Image-text web data

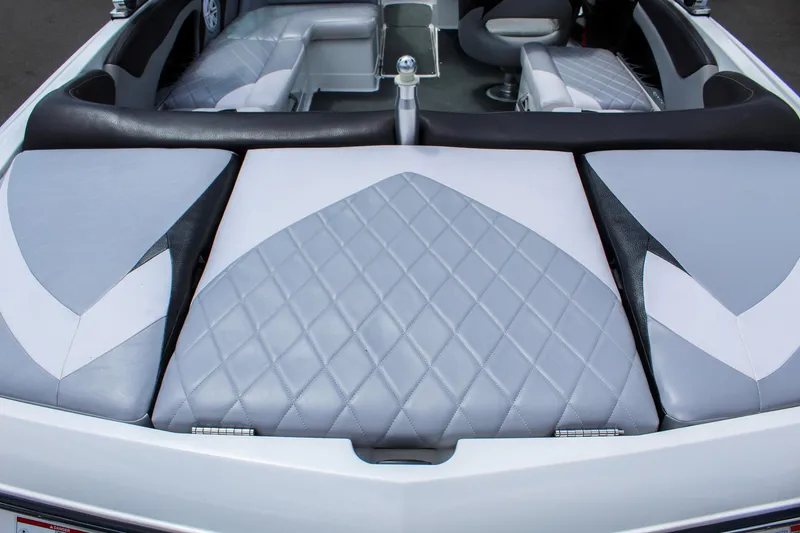 Slide: The Image of 2010 MasterCraft X-15 boat interior with diamond-stitched upholstery and sleek design. - 30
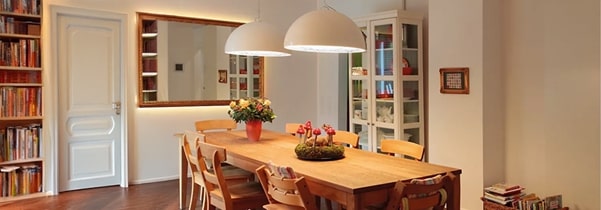 A dining room with two large white pendant lights hanging above a wooden dining table.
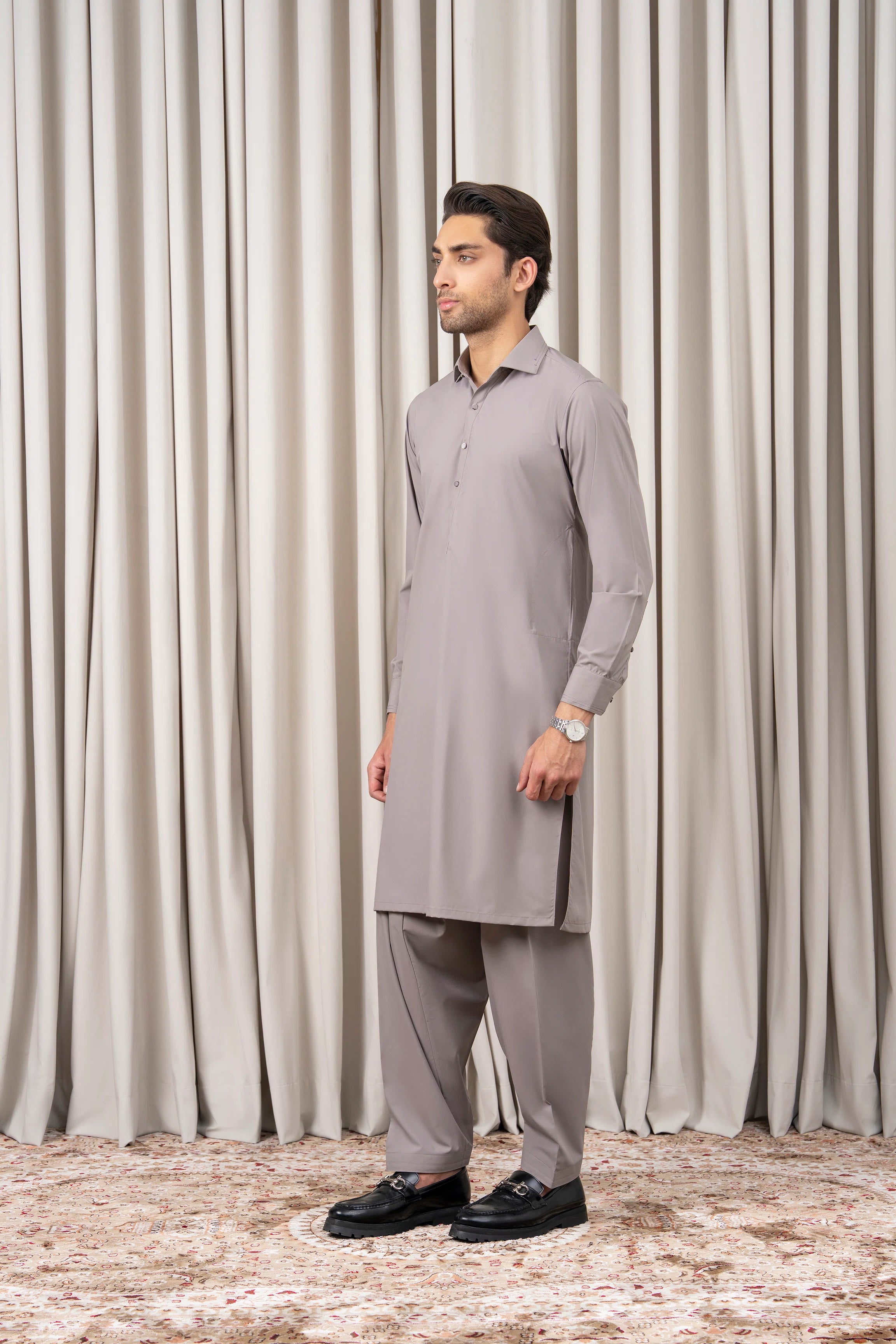 Light grey kameez and shalwar set, side profile with button placket and relaxed fit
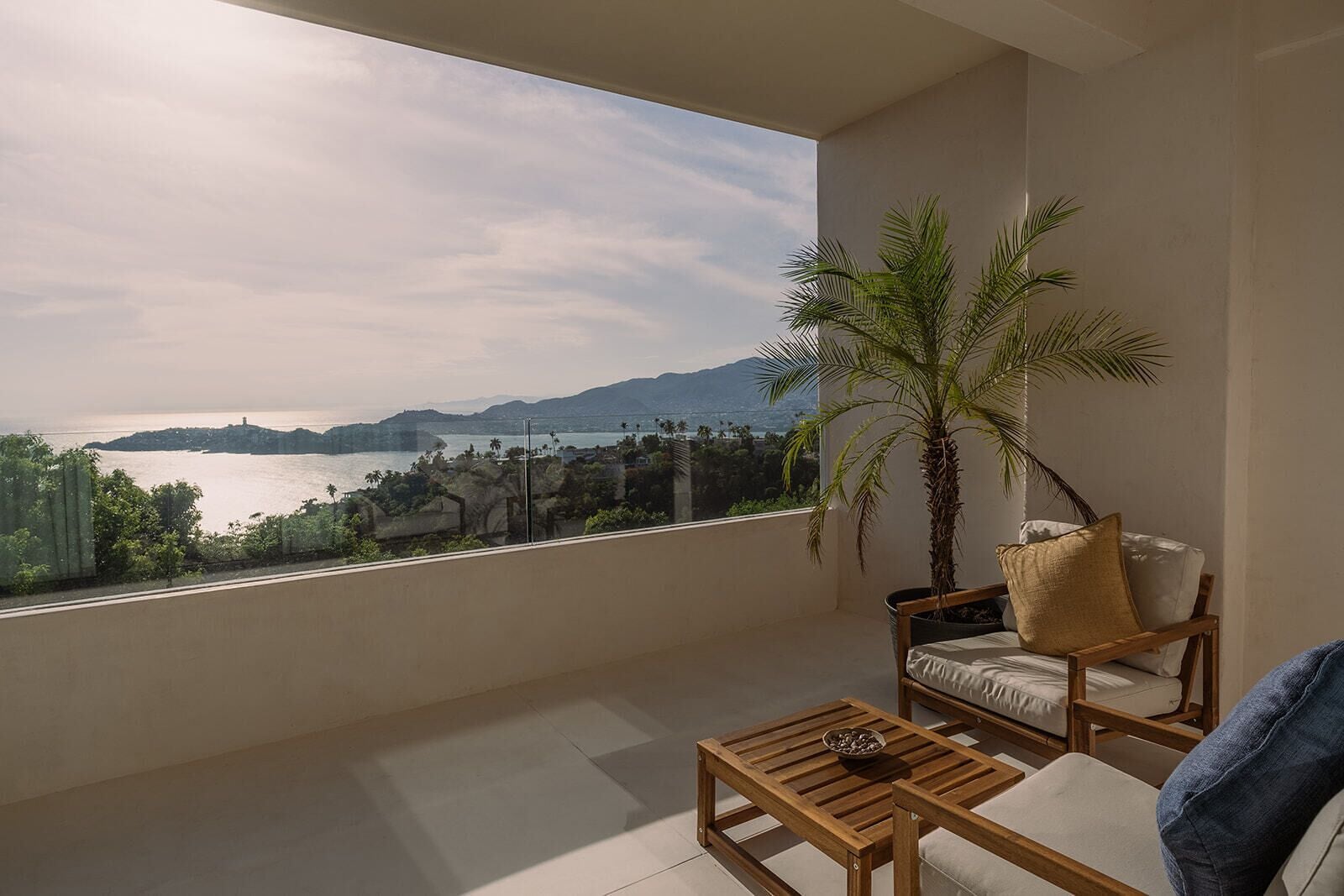 Un balcón con vista al agua y a las montañas, una mesa de madera, una silla y una palmera en maceta.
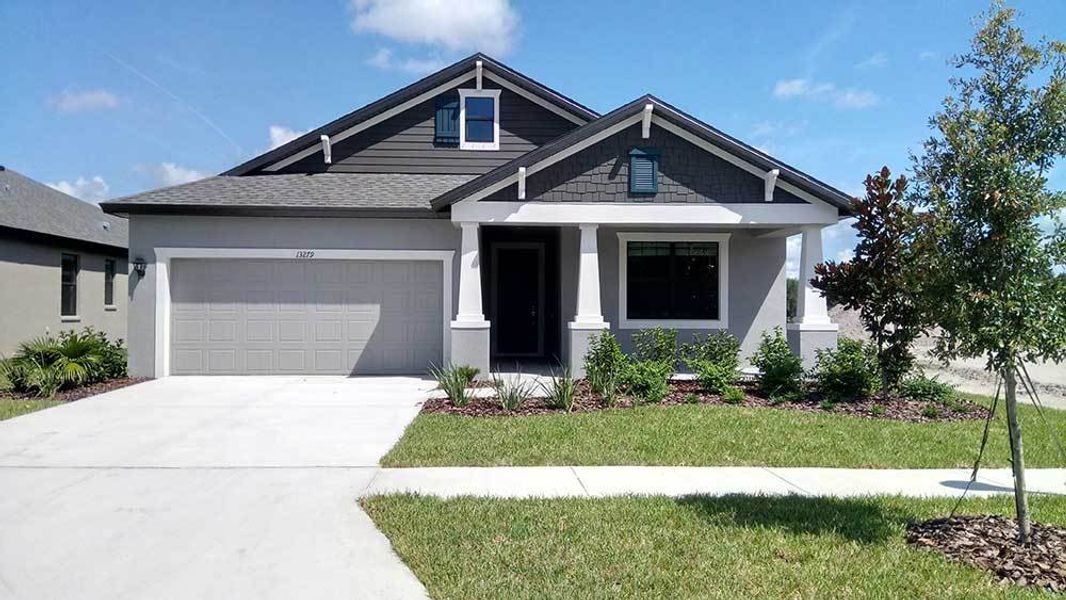 Representative exterior photo of a completed home built from the Sweetwater by William Ryan Homes in Myers Estates, Seffner, FL (Image 22).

**EXERCISE**
The answer must consist solely of the lines from the line containing "A dining room" to the end of the data, reproduced exactly, with every picture left out.

**EXERCISE OUTPUT**
 A dining room with two large white pendant lights hanging above a wooden dining table.
 Light grey kameez and shalwar set, side profile with button placket and relaxed fit
 Un balcón con vista al agua y a las montañas, una mesa de madera, una silla y una palmera en maceta.
 Representative exterior photo of a completed home built from the Sweetwater by William Ryan Homes in Myers Estates, Seffner, FL (Image 22).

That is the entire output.